Problem statement = Retype, without changes, every line from the line that contains "Shrek 2 Remastered" through the final line of the records. Exclude pictures.

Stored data
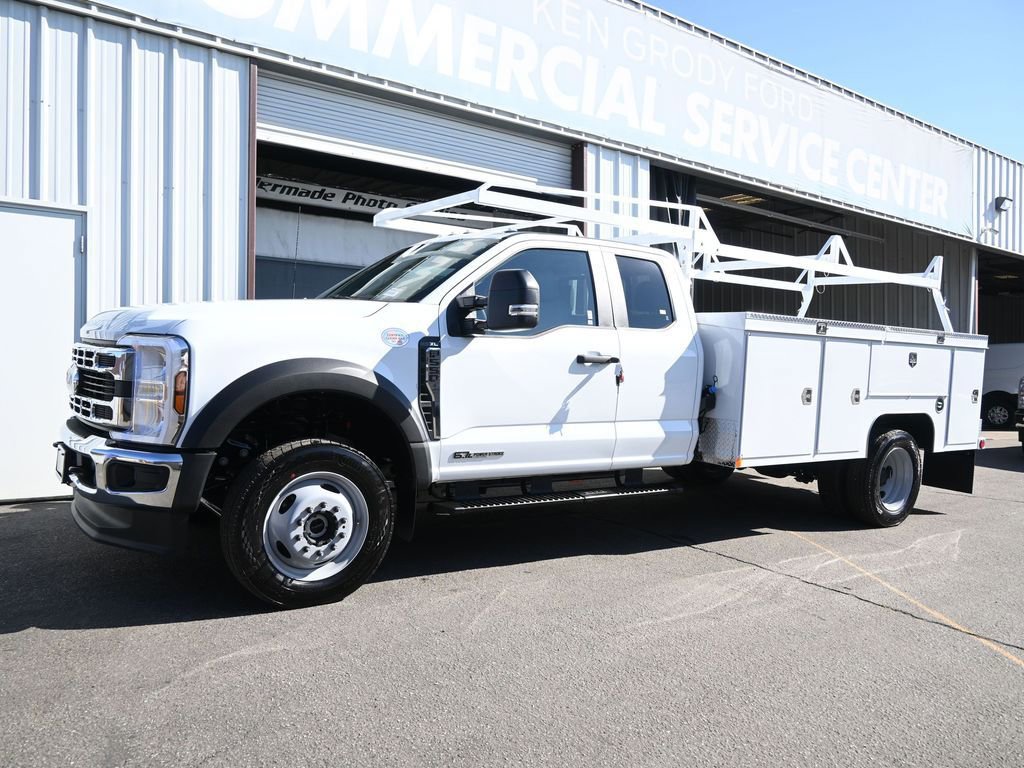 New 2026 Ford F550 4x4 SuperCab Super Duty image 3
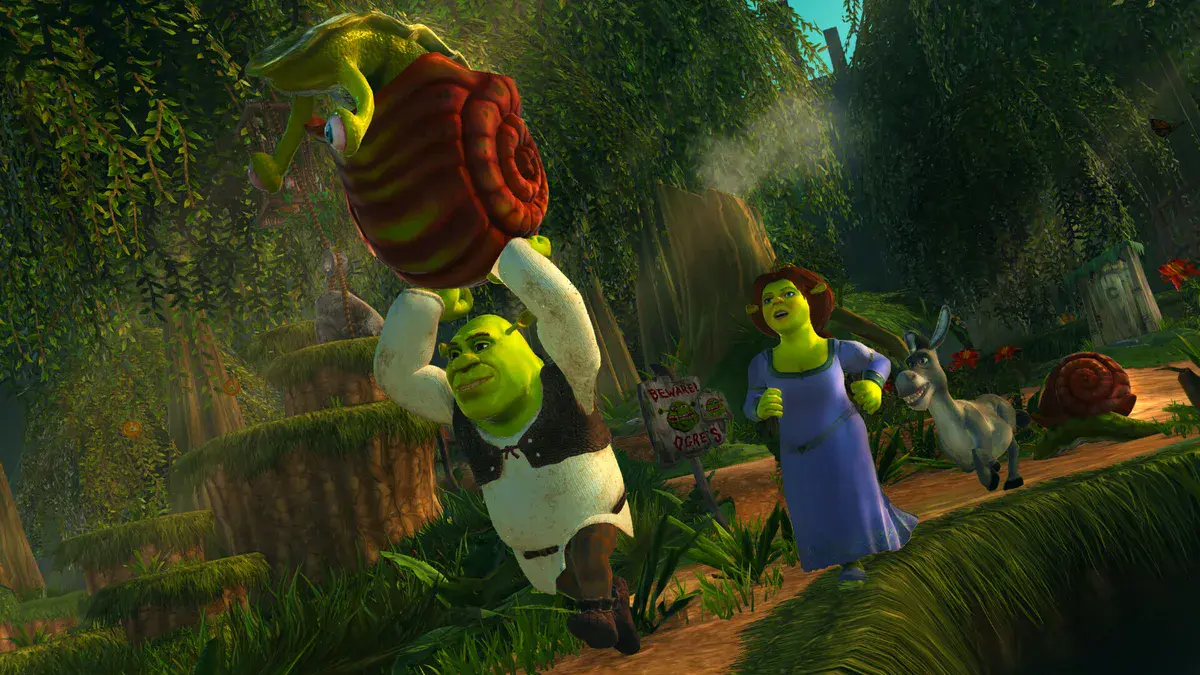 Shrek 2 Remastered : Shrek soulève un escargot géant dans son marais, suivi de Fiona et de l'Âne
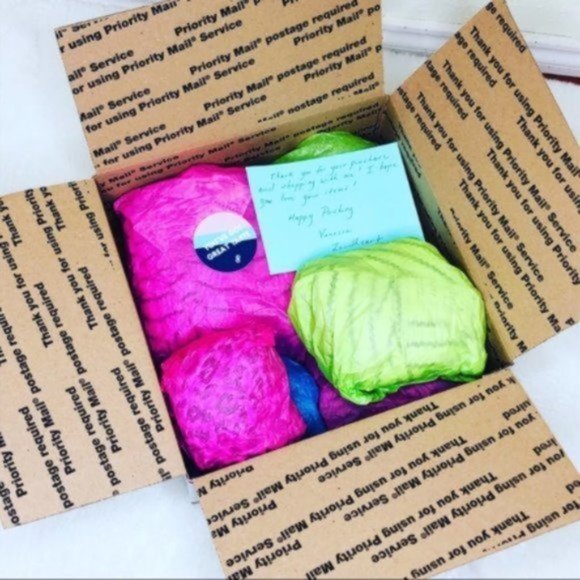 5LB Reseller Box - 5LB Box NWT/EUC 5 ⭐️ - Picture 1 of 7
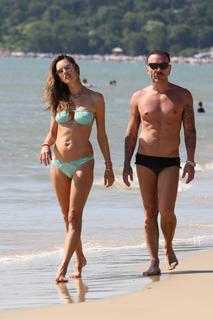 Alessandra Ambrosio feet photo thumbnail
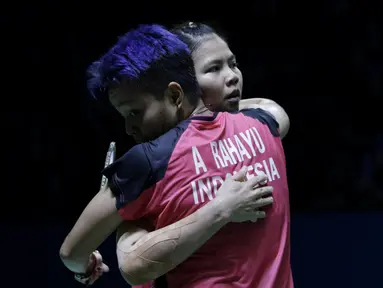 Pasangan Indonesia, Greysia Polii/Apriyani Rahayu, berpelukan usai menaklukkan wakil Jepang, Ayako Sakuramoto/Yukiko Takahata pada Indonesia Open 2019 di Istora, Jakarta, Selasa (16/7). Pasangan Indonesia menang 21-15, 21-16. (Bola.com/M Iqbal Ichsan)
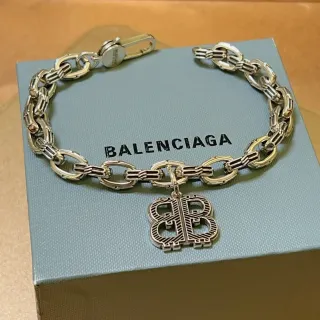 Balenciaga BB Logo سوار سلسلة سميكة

Exercise solution =
 Shrek 2 Remastered : Shrek soulève un escargot géant dans son marais, suivi de Fiona et de l'Âne
 5LB Reseller Box - 5LB Box NWT/EUC 5 ⭐️ - Picture 1 of 7
 Alessandra Ambrosio feet photo thumbnail
 Pasangan Indonesia, Greysia Polii/Apriyani Rahayu, berpelukan usai menaklukkan wakil Jepang, Ayako Sakuramoto/Yukiko Takahata pada Indonesia Open 2019 di Istora, Jakarta, Selasa (16/7). Pasangan Indonesia menang 21-15, 21-16. (Bola.com/M Iqbal Ichsan)
 Balenciaga BB Logo سوار سلسلة سميكة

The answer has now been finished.